Crédito: Hernán Zenteno

«Me encanta hacer nado sincronizado. Desde que era pequeña fui a natación. Mi mamá me llevó cuando tenía 4 años, me soltó en la pileta y yo me puse a nadar debajo del agua y ella pensó que me estaba ahogando, pero no: estaba nadando. Eso fue una parte. La otra fue cuando hice baile clásico, donde mi primer baile hice de ‘conejito’ a los 5 años. Y cuando se juntó natación con baile clásico… ‘¡Pum!’. Se formó lo que más me encanta en este mundo, que es el nado sincronizado», describe Jacinta, quien es campeona del Open argentino 2018 y 2019.

Su familia, constituida por Raquel y Ricardo, sus padres, e Hilario, el hermano de 14 años, es su cable a tierra. Como también lo son sus grupos de amigas, las del colegio y las de la Fundación Down is Up. Disfruta del estudio, pasar horas frente a los libros nutriendo su conocimiento de nuevas informaciones. Pero también distraerse y abstraerse en el mundo cibernético, donde busca e investiga todas aquellas dudas que le van surgiendo. Pasa horas. También hace uso de sus redes sociales, donde comparte fotos y videos con sus seres queridos y de sus andanzas. No tiene miedos, o al menos eso es lo que muestra. Frente a cada pregunta busca dar una respuesta honesta y clara, nada de vueltas. 
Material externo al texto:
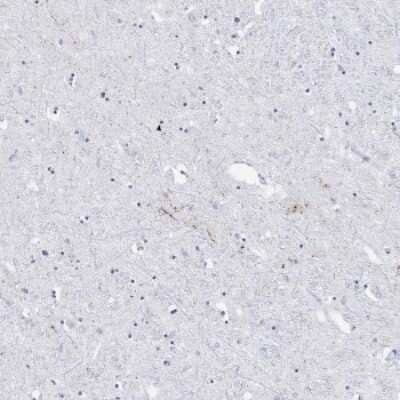 Immunohistochemistry-Paraffin: CART/CARTPT Antibody [NBP1-91749]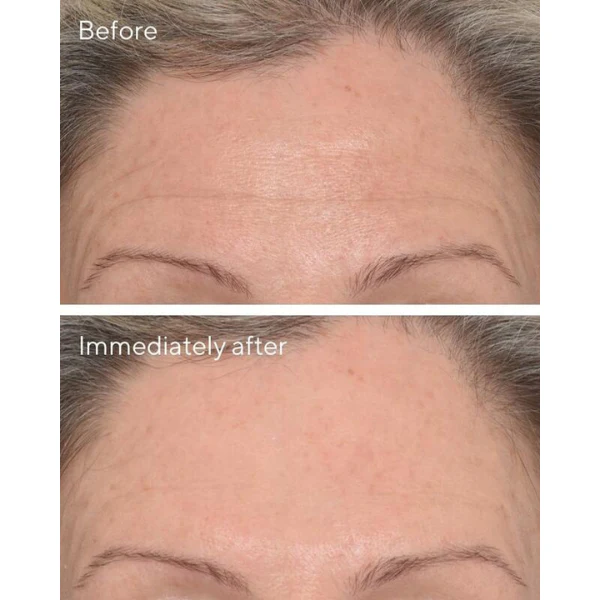 Targeted wrinkle corrector / corrector de ojeras con vitamina c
«Un día estábamos en Mar del Plata y escuchó que había una carrera de aguas abiertas de 2000 metros de los que se estaban entrenando para el curso de guardavidas. Me miró y me dijo: ‘Mamá confiá, yo puedo’. Con el papá no sabíamos qué hacer, teníamos unos nervios..Pero cuando ella sabe que puede, puede. Así que la acompañé hasta la primera rompiente y ahí salió. ¡Nadó toda la carrera y no salió última!», relata emocionada la madre sobre el momento que pinta de cuerpo entero quién es Jacinta. «Es buena persona, tiene buen corazón. Si a alguien le pasa algo es la primera en estar, en acompañar. Es alegre. Y cuando quiere algo, y por dentro sabe que puede, lo hace.»

«En el Mundial de Cancún, la medalla de plata fue la que más me encantó ganar. Y también pude conocer los lugares y tocar los delfines. Pero también en el campeonato europeo de este año en Cerdeña, Italia, donde le gané a las italianas que habían sido medallas de oro el año pasado (cuando ella fue plata) y me convertí en campeona europea. Estaba toda mi familia y me vinieron a felicitar, abrazar y dar muchos besos», recuerda respecto de la competencia en tierras mexicanas, su primer torneo internacional, el cual fue bancado ciento por ciento por sus padres.

Haber nacido con Síndrome de Down fue la puerta para ella y toda su familia de emprender un nuevo camino lleno de amor. Fueron rutinas, maneras y proyectos nuevos que tuvieron que construir junto con ella. El deporte fue una de esas puertas que se abrieron y sirvió para dar rienda suelta a su creatividad y disciplina. Pero también para ver el déficit que existe en su desarrollo. Hoy, si no es por el empuje de sus padres, Jacinta no podría competir.

«Estamos muy complicados económicamente. A esta edición irán con una gran cantidad de atletas, y si bien el Gobierno nos da lugar, justo la inscripción nos llegó con el cambio de mandato y eso nos complicó porque la Organización nos exigía pagar el ciento por ciento antes de fin de año. Y eso fue muy complicado», cuenta Raquel, quién pagó el ciento por ciento de la inscripción de su hija, pero aún aguarda respuesta por parte del Gobierno.

Los deportes que incluyen los juegos son: atletismo, natación, natación sincronizada, gimnasia rítmica, gimnasia artística, judo, tenis de mesa, tenis y fútbol sala.

«Jacinta está becada, y si bien por suerte está dentro del sistema, es la única. Hay mucho trabajo por hacer, los demás integrantes tienen que también ser tenidos en cuenta. Sobre todo porque al no tener una federación es complicado y con todos los temas legales no se llega para hacerlo antes de los Juegos, si bien desde la Agencia de Deportes siempre siempre se prestaron para atendernos. Hay que seguir empujando», agrega.